No tocante às ações de saúde, que passaram a ser ofertadas a partir da implantação do PSF, pode-se dizer que as mais destacadas foram as seguintes: planejamento familiar, grupos de

climatério, pré-natal, imunização, acompanhamento e crescimento da criança, controle de hipertensão, controle de diabetes e puericultura.

Na opinião dos médicos presentes durante a entrevista, as ações de puericultura, com a chegada do PSF, se fortaleceram, porque antes somente o pediatra poderia cuidar da saúde da criança. O exame das falas a seguir pode clarificar essa assertiva:

[...] hoje somos nós, médicos, enfermeiros, auxiliares e ACS, todos

aprendendo a ser generalistas que cuidamos da saúde das crianças, das mulheres, dos homens, seja jovem, idosos, todas as famílias que moram na nossa área de vinculação com nossa unidade de saúde [...] eles vêm a nós só

quando estão doentes, vêm muitas vezes para verificar a pressão, vêm para conversar, a gente explica se a pressão tá alta, porque ela tá alta, dá orientação[...] se alguém machucou a mão ou o pé a gente não faz apenas o

curativo, procura-se saber o motivo do corte, como ocorreu, se foi numa vala, conversamos tudo, porque entendemos que aquela vala mesmo longe da unidade de saúde pode estar no quintal da casa deles e causar alguns danos à saúde.

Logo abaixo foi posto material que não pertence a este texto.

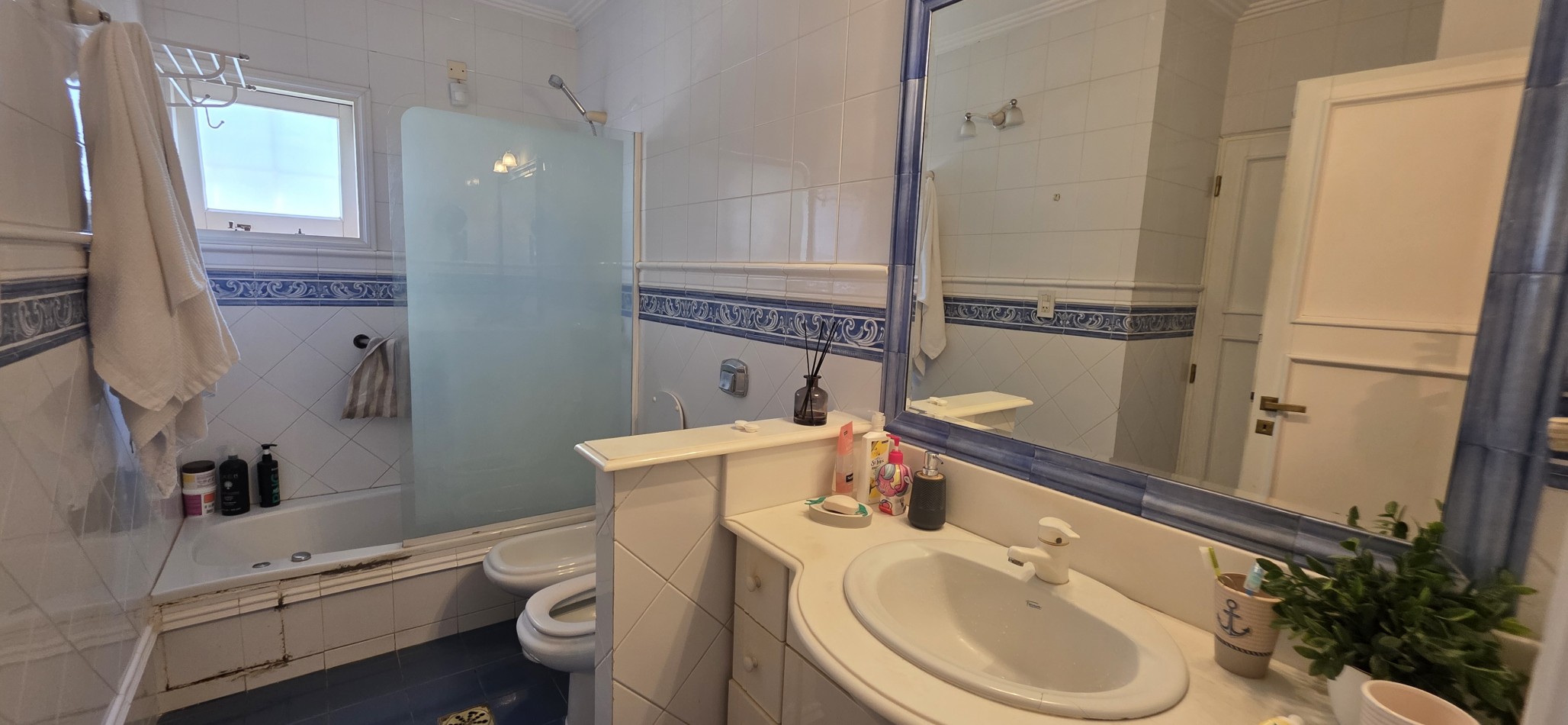 TERRA NOSTRA TIENE OTRA BOMBA !!!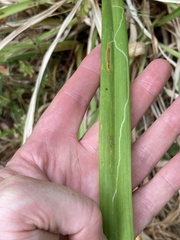 Ophiomyia kwansonis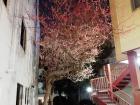 A "ume" (plum) tree, which looks similar to sakura, blooming next to my dorm
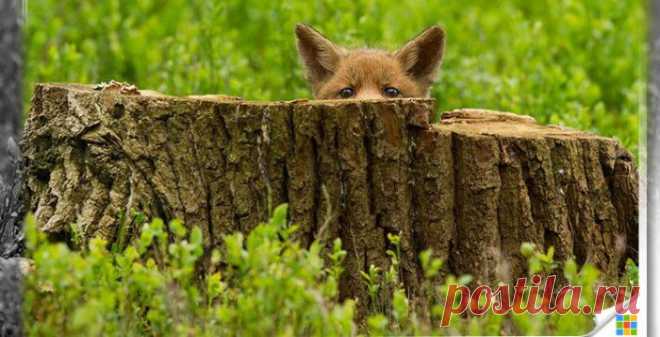 История о том, как фотограф научился договариваться с дикими животными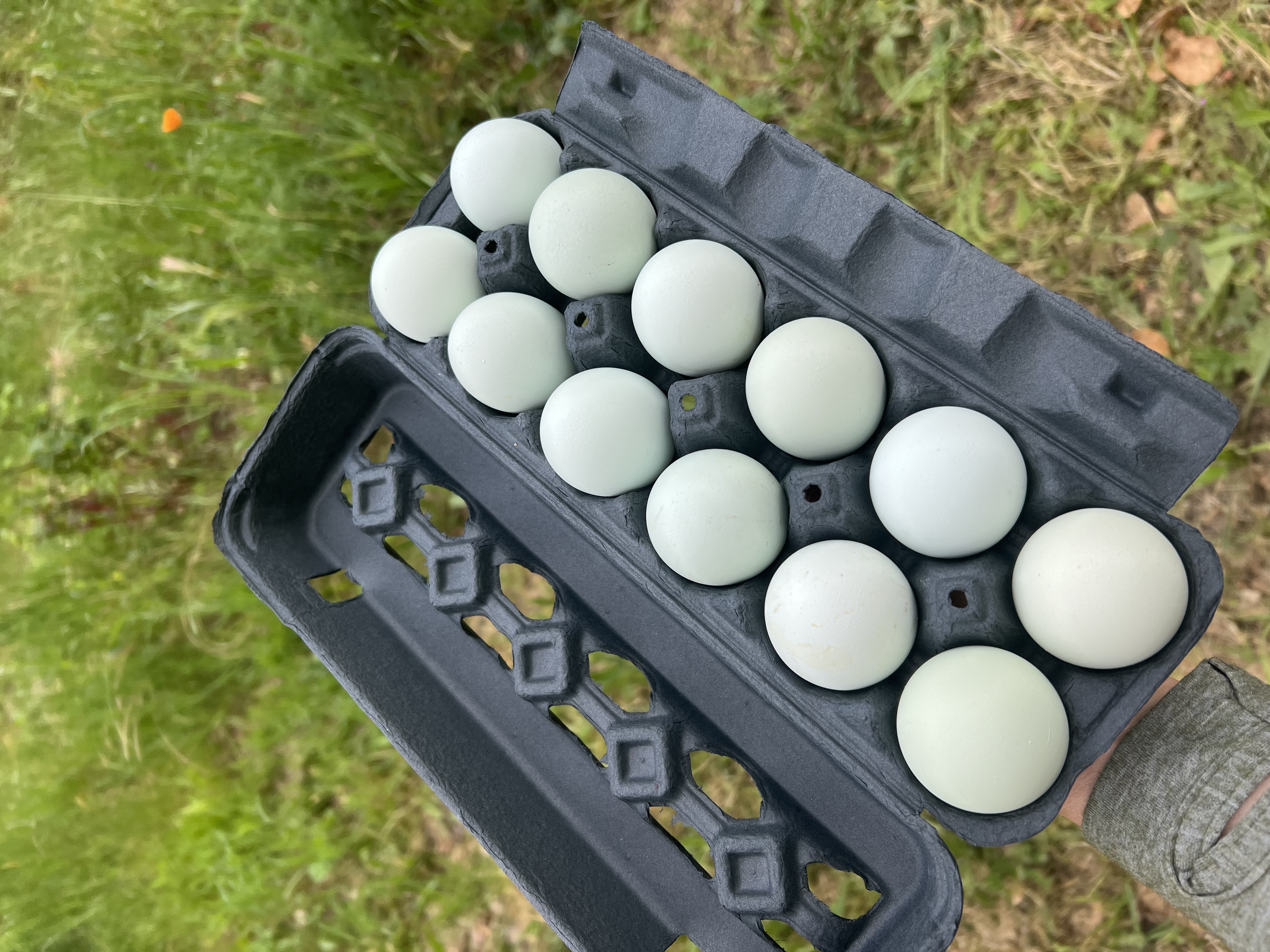 Individual Azure Egger Alchemist Blue Hatching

Entre as tentativas de mudanças na organização da atenção básica, quando perguntados dentre as ações ofertadas pelas unidades de saúde da família, quais são as mais utilizadas, eles se entreolham, e baixam a cabeça como estivesse diante dos seus maiores desafios, e respondem quase que em coro: “as consultas médicas, sim, as consultas médicas são ainda as mais procuradas e o maior número de serviços utilizados”. Seguem as consultas de orientação com os enfermeiros, sobre a diabete, hipertensão, aleitamento materno, pré-natal, vacinação e planejamento familiar.

As falas que emitem esses juízos sobre as ações mais utilizadas também afirmam desta vez as mudanças que consideram mais importantes na organização e na prestação da assistência (atenção à saúde) após a implantação do PSF. Estas mudanças são visíveis no conhecimento das famílias, por meio do trabalho dos ACS; estes são os olhos, braços e pernas das unidades básicas de saúde.

No que se refere às mudanças que o PSF trouxe para situação de saúde da população, os profissionais presentes na entrevista coletiva respondem:

[...] a procura por especialidade diminuiu...a internação hospitalar

também...o aumento pela procura ao pré-natal... estou com uma gestante, que é o primeiro pré-natal dela, ela nunca fez e de tanto o ACS ir na casa dela e falar que é importante, ela veio para a unidade de saúde e tava morrendo de medo porque ia ter que fazer ultra-som, e nunca tinha feito

ultra-som na vida dela...e busca do atendimento pelos idosos aumentou, eles

muitas vezes vêm para conversar e pedem ‘dá só uma olhadinha aqui na minha pressão’ e a gente diz: `o senhor verificou sua pressão ontem, vimos que está controlada, sinto que eles procuram atenção, acho que procura muito isso, a atenção[...].

Nos discursos dos profissionais mencionados anteriormente, também merece destaque a referência sobre se o PSF ampliou o acesso aos serviços de saúde. Esta questão é demasiadamente citada, quando informam que embora reconheçam que as famílias e comunidades da zona rural e da periferia da cidade hoje disponham dos serviços das equipes do PSF mais humanizados, acham limitado o acesso, ainda na atenção básica, porque consideram a cobertura populacional relativamente baixa, e fazem votos para que o município adote a política de universalização do PSF. E na visão de todos os respondentes, o PSF por si só não supera as desigualdades no acesso aos serviços de saúde, muito embora vejam nele um grande potencial para o enfrentamento das iniqüidades existentes na atenção básica à saúde.